Records supplied:
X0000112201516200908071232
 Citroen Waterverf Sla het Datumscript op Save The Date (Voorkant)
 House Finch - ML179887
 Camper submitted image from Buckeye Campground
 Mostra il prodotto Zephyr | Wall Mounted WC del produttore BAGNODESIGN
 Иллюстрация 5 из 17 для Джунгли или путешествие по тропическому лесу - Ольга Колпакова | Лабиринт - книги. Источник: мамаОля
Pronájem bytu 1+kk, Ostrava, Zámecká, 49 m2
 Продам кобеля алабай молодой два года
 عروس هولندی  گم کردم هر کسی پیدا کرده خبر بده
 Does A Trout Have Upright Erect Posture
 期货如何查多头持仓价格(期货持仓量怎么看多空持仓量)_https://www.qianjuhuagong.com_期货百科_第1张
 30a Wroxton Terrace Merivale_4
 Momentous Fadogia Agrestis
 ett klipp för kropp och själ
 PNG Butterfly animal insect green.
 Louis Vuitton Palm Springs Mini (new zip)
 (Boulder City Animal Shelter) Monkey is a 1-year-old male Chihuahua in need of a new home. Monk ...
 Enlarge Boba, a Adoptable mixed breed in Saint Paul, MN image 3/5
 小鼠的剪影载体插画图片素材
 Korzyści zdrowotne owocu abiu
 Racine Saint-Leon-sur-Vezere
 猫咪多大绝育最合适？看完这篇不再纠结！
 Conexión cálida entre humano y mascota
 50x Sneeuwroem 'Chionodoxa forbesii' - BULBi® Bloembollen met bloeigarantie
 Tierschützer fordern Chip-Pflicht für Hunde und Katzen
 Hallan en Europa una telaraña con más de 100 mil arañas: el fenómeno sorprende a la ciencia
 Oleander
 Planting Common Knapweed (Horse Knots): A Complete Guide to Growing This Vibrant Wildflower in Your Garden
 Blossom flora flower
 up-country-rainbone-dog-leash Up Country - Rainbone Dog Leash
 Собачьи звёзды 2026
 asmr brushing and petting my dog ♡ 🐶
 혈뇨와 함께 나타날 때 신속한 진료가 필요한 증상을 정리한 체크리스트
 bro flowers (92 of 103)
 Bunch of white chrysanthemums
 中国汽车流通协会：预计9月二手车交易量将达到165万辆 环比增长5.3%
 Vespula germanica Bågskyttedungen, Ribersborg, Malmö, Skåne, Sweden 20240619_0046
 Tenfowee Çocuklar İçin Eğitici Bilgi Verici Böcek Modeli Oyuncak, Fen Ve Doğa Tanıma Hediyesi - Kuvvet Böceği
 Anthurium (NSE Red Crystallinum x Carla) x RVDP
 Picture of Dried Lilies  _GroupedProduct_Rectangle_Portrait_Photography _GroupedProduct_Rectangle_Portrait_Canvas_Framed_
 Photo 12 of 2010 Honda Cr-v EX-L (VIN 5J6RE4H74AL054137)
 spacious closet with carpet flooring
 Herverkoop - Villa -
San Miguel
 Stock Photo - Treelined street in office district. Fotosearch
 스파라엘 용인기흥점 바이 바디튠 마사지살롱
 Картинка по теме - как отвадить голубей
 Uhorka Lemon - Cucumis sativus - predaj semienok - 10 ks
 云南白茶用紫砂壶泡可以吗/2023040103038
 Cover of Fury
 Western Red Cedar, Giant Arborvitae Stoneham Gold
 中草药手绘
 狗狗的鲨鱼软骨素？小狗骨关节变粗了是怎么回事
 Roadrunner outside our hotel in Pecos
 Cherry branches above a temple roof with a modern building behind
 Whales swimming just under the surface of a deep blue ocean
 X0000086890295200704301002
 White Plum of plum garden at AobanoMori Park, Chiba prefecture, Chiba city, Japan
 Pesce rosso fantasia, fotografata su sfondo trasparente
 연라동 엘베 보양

Task item: Quote the listing word for word from its first line through the line in which "期货如何查多头持仓价格(期货" appears.

Answer area:
X0000112201516200908071232
 Citroen Waterverf Sla het Datumscript op Save The Date (Voorkant)
 House Finch - ML179887
 Camper submitted image from Buckeye Campground
 Mostra il prodotto Zephyr | Wall Mounted WC del produttore BAGNODESIGN
 Иллюстрация 5 из 17 для Джунгли или путешествие по тропическому лесу - Ольга Колпакова | Лабиринт - книги. Источник: мамаОля
Pronájem bytu 1+kk, Ostrava, Zámecká, 49 m2
 Продам кобеля алабай молодой два года
 عروس هولندی  گم کردم هر کسی پیدا کرده خبر بده
 Does A Trout Have Upright Erect Posture
 期货如何查多头持仓价格(期货持仓量怎么看多空持仓量)_https://www.qianjuhuagong.com_期货百科_第1张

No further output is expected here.